Sorry to be slow Ed getting back to your question about the SBC Takeover. I had a full schedule this weekend.
I was in High School in 1979 and a member of Kirkwood Baptist Church in the St. Louis area. For me the Takeover was part of the continued saga of being a progressive SBC congregation. Kirkwood had already been under criticism in the St. Louis Association for ordaining women deacons. And I began to hear information about the takeover from our pastor Dr. John H. Hewett.
I attended Missouri Baptist College (now University) from 1982-1986 and there was already pressure on the faculty from the Takeover crowd. I had a professor's contract not renewed because "he was perceived as not being conservative enough." Yep, "perceived."
I started at SBTS in 1986 and was in the last year or so of Roy Honeycutts time there. I saw the pressure and tactics being used by the Takeover crowd while there. I transferred to MBTS in 1987 to marry a young lady from Kansas City. I was at MBTS when I attended the SBC meeting in Las Vegas and I saw the microphones cut off on moderate speakers, I saw fundy messengers vote their children's ballots, and I saw the antics of Adrian Rogers who acted more like a king than a pastor during those sessions.

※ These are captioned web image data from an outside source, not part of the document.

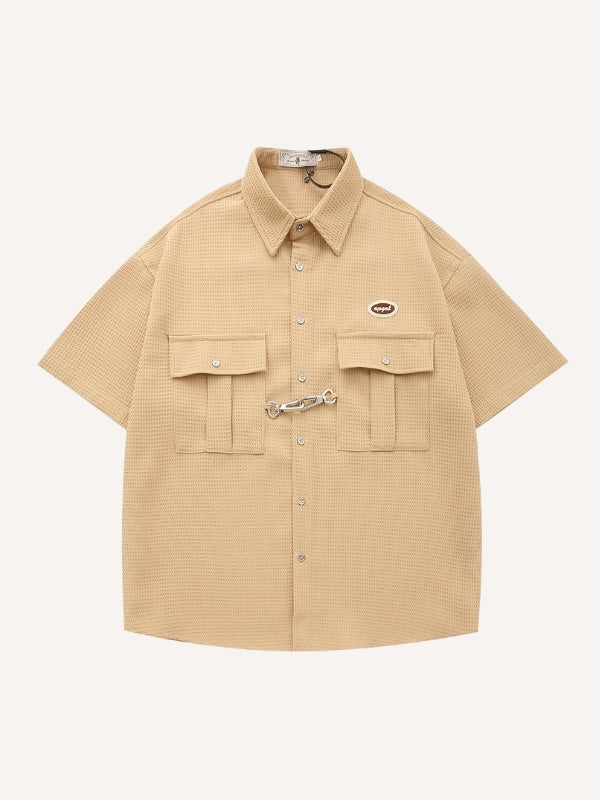 Solid Color College Style Shirt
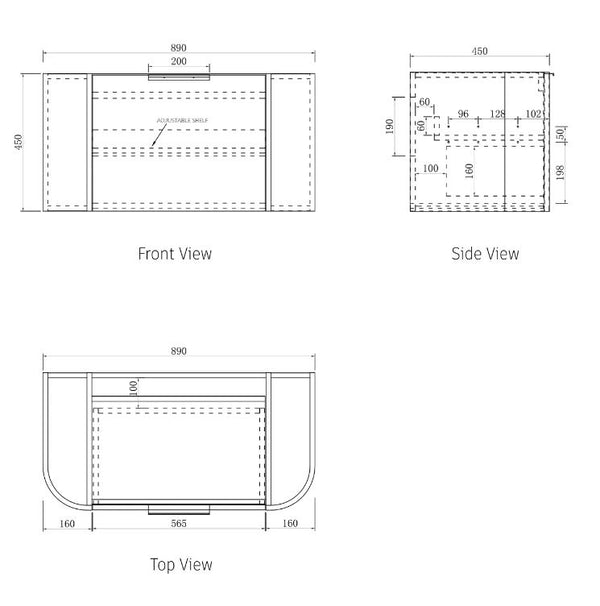 Chloe Matte White 900mm Curve Vanity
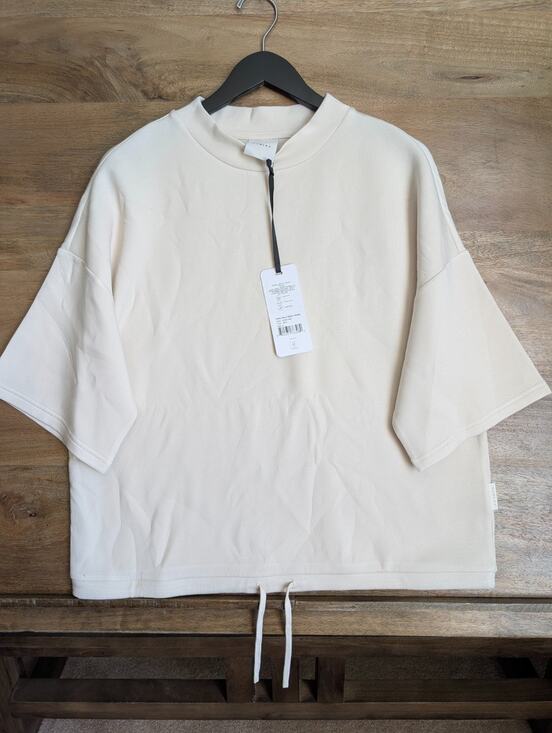 Varley Tops - NWT Varley Sweatshirt Womens M Cream Stretch Alden Short Sleeve Dropped Shoulder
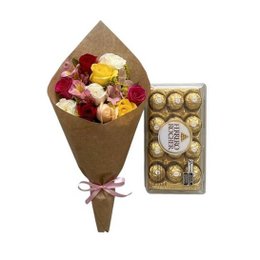 Imagem de Buquê Rosas Coloridas Com Ferrero Rocher 12 Unid.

I was at MBTS when Paige Patterson came to preach at our chapel after he had been encouraging students to record and report on professor's theologies. I attended one of the early organizing meetings of the CBF in Indianapolis when a fundy reporting was reading our name tags and writing down our names so he could "report" us for our rebellious behavior. I double checked to make sure he could spell "Bonney" correctly.
I left the SBC in 1991 overcome with the politics, hypocrisy, and lack of Christian behavior I'd seen out of Baptist fundamentalist leaders in the last decade deciding I wanted nothing further to do with such a religous system.
I had my ordination recognized by the ABC/USA and found the denomination to be much more what I expected out of a Christian organization than what I'd experienced as a young person in the SBC.
I think that is a good place to stop as it summarizes my SBC journey. Why I'm no longer a Baptist is a whole other story.